■ WHAT TO PRODUCE ■
Would you filter the listing below so that only lines with the word "photo" remain?

· · ·

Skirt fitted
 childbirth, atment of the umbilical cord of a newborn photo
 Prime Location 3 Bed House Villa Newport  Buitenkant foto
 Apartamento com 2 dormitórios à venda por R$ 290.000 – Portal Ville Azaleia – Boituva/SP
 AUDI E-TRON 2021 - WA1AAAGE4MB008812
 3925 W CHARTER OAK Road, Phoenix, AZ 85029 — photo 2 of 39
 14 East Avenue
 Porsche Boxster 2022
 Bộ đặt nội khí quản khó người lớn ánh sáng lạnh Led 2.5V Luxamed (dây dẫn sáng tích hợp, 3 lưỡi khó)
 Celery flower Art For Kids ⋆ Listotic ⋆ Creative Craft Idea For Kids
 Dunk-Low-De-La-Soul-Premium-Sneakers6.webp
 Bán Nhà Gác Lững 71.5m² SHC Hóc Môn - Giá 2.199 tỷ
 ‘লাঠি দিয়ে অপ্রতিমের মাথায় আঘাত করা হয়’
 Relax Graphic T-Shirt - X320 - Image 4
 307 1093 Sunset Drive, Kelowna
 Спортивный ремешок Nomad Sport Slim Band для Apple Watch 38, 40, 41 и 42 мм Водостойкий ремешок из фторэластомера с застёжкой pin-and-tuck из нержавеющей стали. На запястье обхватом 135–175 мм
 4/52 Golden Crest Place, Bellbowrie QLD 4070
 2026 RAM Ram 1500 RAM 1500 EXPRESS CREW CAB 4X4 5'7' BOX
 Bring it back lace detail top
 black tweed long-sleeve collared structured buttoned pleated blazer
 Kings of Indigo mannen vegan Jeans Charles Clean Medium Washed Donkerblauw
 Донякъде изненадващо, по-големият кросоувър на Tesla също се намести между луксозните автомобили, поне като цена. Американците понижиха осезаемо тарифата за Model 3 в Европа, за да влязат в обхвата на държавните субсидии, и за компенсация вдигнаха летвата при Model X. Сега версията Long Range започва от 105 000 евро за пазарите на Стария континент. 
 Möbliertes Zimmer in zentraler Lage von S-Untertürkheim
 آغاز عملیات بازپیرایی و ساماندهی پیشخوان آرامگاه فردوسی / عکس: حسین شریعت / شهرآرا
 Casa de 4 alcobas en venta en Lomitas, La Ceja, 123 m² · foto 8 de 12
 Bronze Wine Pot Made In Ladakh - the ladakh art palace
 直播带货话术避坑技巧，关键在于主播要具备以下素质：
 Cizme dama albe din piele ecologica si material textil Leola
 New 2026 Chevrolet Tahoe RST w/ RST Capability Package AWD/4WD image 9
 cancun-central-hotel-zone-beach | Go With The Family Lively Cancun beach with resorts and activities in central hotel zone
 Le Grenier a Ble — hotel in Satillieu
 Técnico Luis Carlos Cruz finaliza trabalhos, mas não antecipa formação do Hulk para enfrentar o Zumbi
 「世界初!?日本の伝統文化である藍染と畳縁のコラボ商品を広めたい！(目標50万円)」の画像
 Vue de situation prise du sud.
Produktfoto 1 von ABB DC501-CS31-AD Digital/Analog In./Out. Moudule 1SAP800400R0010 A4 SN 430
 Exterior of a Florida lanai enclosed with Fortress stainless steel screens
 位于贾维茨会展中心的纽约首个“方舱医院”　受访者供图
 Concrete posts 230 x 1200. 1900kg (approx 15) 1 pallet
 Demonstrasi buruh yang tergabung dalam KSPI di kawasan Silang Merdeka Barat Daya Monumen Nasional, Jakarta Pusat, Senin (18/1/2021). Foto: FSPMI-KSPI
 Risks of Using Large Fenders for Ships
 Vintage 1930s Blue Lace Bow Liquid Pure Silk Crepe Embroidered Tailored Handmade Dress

· · ·

■ OUTPUT ■
 childbirth, atment of the umbilical cord of a newborn photo
 3925 W CHARTER OAK Road, Phoenix, AZ 85029 — photo 2 of 39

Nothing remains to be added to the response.